João Onofre foi falar com o gerente da serraria e este lhe respondeu secamente:

- São ordens.

- Mas seu Almiro, isso é o mesmo que tirar a comida da boca dos meus filhos. O senhor não poderia deixar o pinheiro? A gente até já pensa que ele é nosso. As crianças vão sentir muito.

E continuou a desfiar queixumes e súplicas que redundaram inúteis.

- Não, o dono da serraria disse que é para cortar e nós vamos cortar. Não tem mais conversa. Ficarão ainda muitos pinheiros dando pinhão por aí. Vocês não vão morrer de fome só por isso. E depois, homem, que mania é essa de comer só pinhão? Até parecem porcos. Por que não comem outra coisa?

João Onofre quis ainda argumentar, dizendo que os pinheiros restantes ficariam longe, que ele estava velho e os filhos eram ainda muito pequenos para saírem longe de casa, à cata de pinhões, mas viu que nada demoveria o homem.

"Que mania é essa de comer só pinhão? Até parecem porcos". Não, mil vezes não. Agora ele não pediria mais, não se humilharia, não iria dizer que no inverno só comiam pinhões porque estes não custavam dinheiro, não contaria que só comiam pinhões porque não tinham outra coisa. Colocou o chapéu na cabeça e retirou-se macambúzio, com uma raiva impotente a roer-lhe o peito e a tristeza e a desolação impressas na cara.

A carreta chegou à serraria. O velho viu quando dela retiravam o seu pinheiro, que se perdeu no amontoado anônimo de pilhas de toras, no monte sem fim de cadáveres vegetais.

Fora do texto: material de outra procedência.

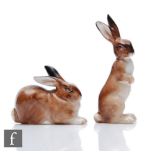 Two Royal Doulton K series model rabbits comprising K37 a seated rabbit with ears back, length 4.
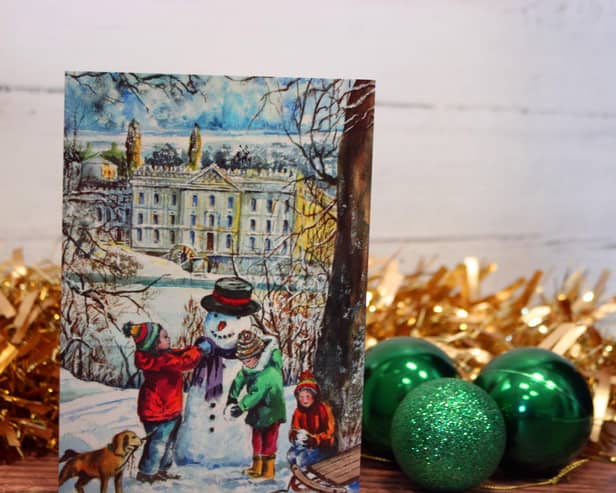 The card depicts children making a snowman in front of Chatsworth House.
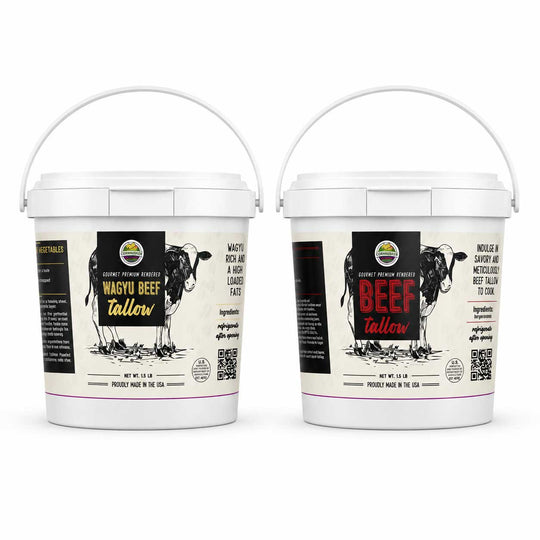 Two white plastic buckets of Wavy Beef Tallow supplement with handles, shown side by side on a white background. The left bucket shows the back label with ingredients and QR code, and the right bucket shows the front label with a cow illustration and 'BEEF tallow' in red text.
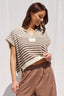 Woman wearing a striped top and brown pants against a white background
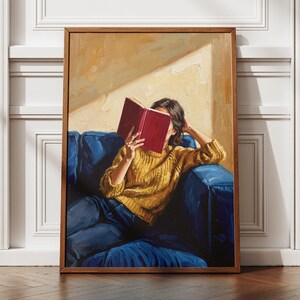Peut inclure: Une peinture à l'huile dans un cadre en bois représentant une personne portant un pull en tricot torsadé jaune moutarde et un jean bleu, assise sur un canapé bleu profond tout en tenant un livre rouge ouvert devant son visage, sur un mur jaune.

Naquele inverno, a tristeza de João Onofre aumentou. Em frente à sua casa havia um "vazio", um vazio que se alastrava também em seu coração. Olhando em torno, ele deu-se conta da devastação que ia em derredor.

O caponete de perto da sanga havia desaparecido, os sopés dos morros estavam pelados e, logo à sua porta, onde antigamente o vulto do pinheiro se erguia, ele descortinava agora um vasto panorama, um panorama vasto e desolado - por toda a parte a ruína, a hecatombe, a decomposição. Como cruzes mutiladas, os tocos já carcomidos pela intempérie, atestavam a destruição em massa. Todas as árvores grandes haviam sido derrubadas; poupados, foram apenas o mato ralo, a vegetação rasteira, os arbustos sem importância. O resto, tudo fora consumido, tudo desaparecera entre as queixadas metálicas da serra e saindo do outro lado, transformado em moedas e notas.

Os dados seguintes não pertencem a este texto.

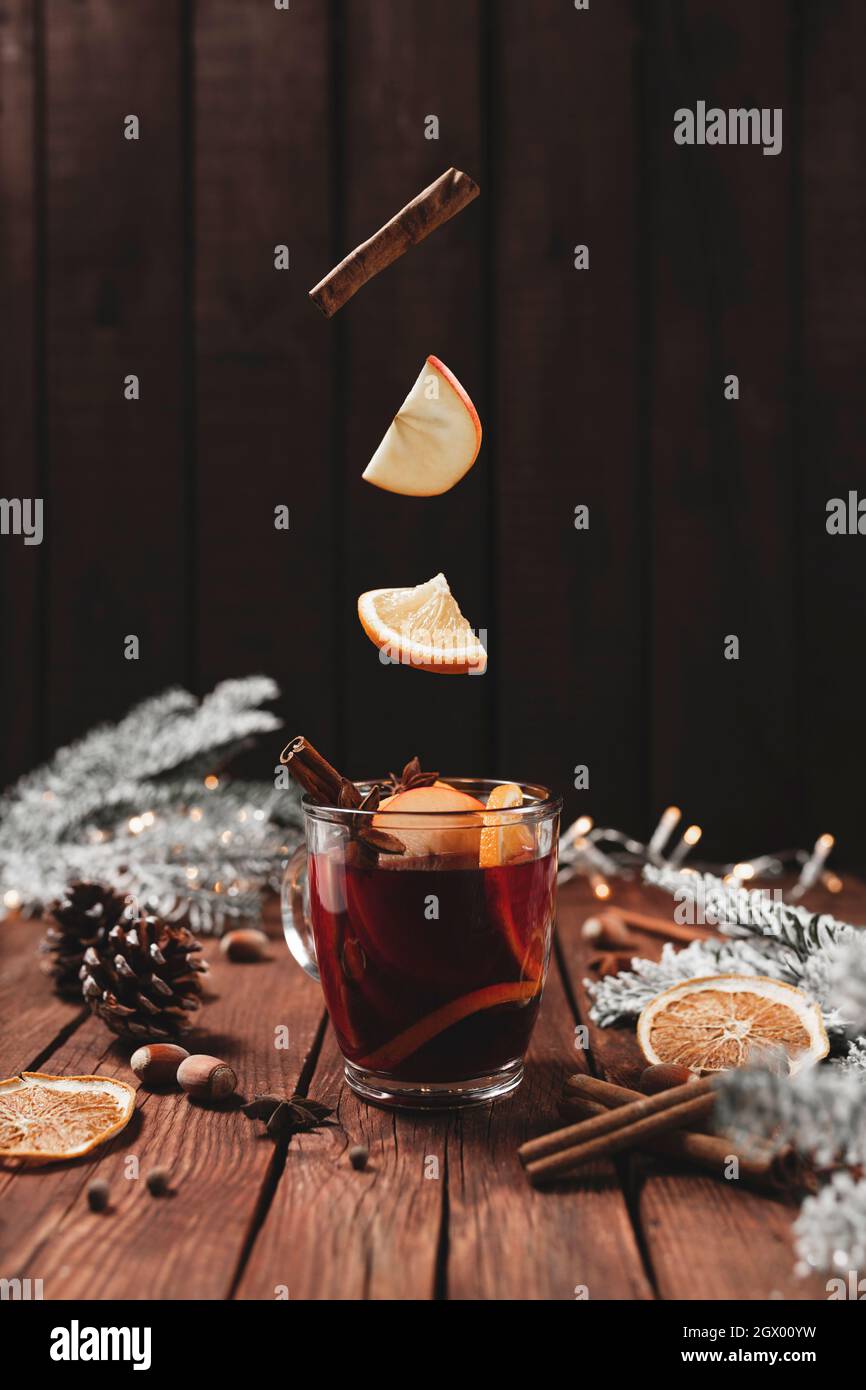 Christmas glass cup or mug with Mulled Wine on wooden table and background with levitating cinnamon stick, dried or sublimated orange, apple slices, a Stock Photo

O silêncio era maior do que antes. Para conseguir o sustento, João Onofre tinha agora de caminhar muito, acompanhado pela filharada. O maiorzinho já estava começando a subir pelos troncos ásperos, mas a caminhada fazia mal ao velho, tornando-o cada vez mais triste, mais irado, mais velho.

Se João Onofre fosse um poeta, haveria de escrever um poema ao seu pinheiro, haveria de imortalizá-lo em versos e estrofes. Mas João Onofre não conhecia os mistérios da métrica nem os segredos da rima. Tudo o que fazia era cultivar a sua mágoa e ficar olhando a mortandade em torno, olhando, olhando.

A paisagem era desoladora. Só agora é que ele percebia a devastação que aquela máquina de transformar madeira em dinheiro viera trazer à região. João Onofre tinha raiva.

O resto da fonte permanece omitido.